The essential playbook for implementing backup and recovery checklist in your SaaS.

Use this checklist to verify your SaaS can recover from data loss, bad deploys, accidental deletes, server failure, and provider issues. Focus on backups you can actually restore, not just jobs that appear to run.

This page is for MVPs and small production SaaS apps running on a VPS, Docker, or managed cloud services.

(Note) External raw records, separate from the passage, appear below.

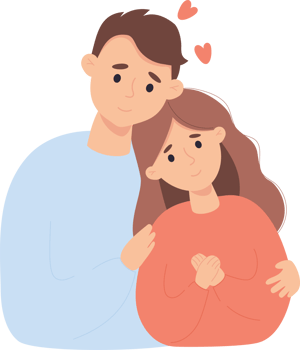Loving couple people png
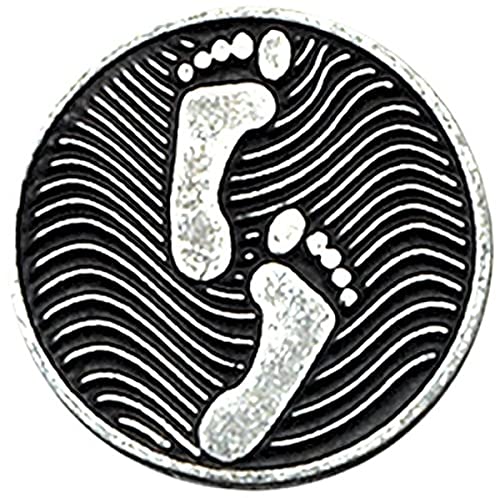 Cathedral Art Footprints Pocket Token, 1-Inch - style: Footprints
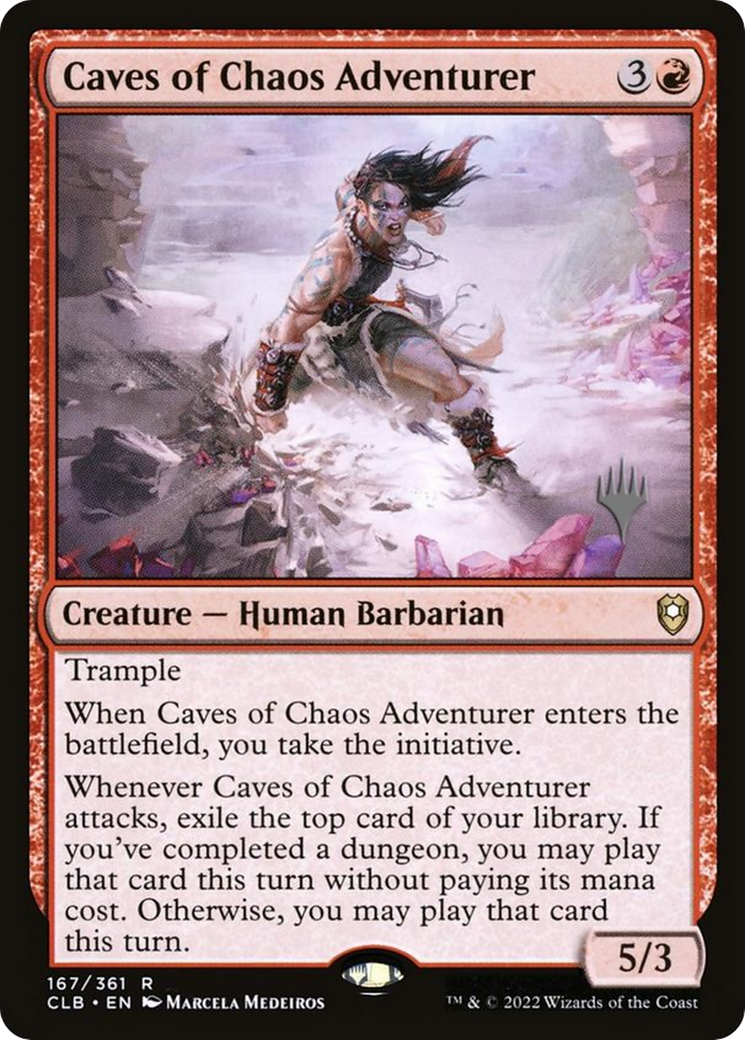 Caves of Chaos Adventurer (Promo Pack) [The Lost Caverns of Ixalan Promos]-1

Related production checklists:

Quick Fix / Quick Setup

Run a minimum viable backup setup now.

bash
# 1) Create a database backup now
mkdir -p /var/backups/myapp
pg_dump -Fc "$DATABASE_URL" > /var/backups/myapp/db-$(date +%F-%H%M).dump

# 2) Archive uploaded files now
rsync -a /var/www/myapp/media/ /var/backups/myapp/media-$(date +%F-%H%M)/

# 3) Copy env/secrets snapshot securely
cp /opt/myapp/.env /var/backups/myapp/env-$(date +%F-%H%M).bak
chmod 600 /var/backups/myapp/env-*.bak

# 4) Verify backup files exist
ls -lh /var/backups/myapp

# 5) Test restore into a temporary database
createdb myapp_restore_test
pg_restore -d myapp_restore_test /var/backups/myapp/db-$(date +%F-%H%M).dump

# 6) Put backups on a different machine or object storage
# example with aws cli
aws s3 sync /var/backups/myapp s3://YOUR-BACKUP-BUCKET/myapp/

# 7) Add a daily cron job
crontab -e
# 15 2 * * * pg_dump -Fc "$DATABASE_URL" > /var/backups/myapp/db-$(date +\%F-\%H\%M).dump

Minimum safe setup:

  • automated daily database backups
  • off-server storage
  • uploaded file backup
  • env/secrets escrow
  • a restore test at least monthly

If you only do one thing today, do a backup and a restore test.


What’s happening

Backups fail in production for predictable reasons:

  • jobs run on the same server that later dies
  • dumps are created but never copied offsite
  • uploads are not included
  • .env and deployment config exist only on the live machine
  • restore steps are undocumented
  • backup files are corrupt, empty, or too old to help

A working recovery plan for a small SaaS usually needs all of these:

  • database backup
  • uploaded file backup or object storage versioning
  • environment variable and secret escrow
  • deployment/config backup
  • offsite storage
  • restore drill with written steps
  • retention policy
  • monitoring for backup failures

Backups are not complete until you can restore them into a separate environment and boot the app.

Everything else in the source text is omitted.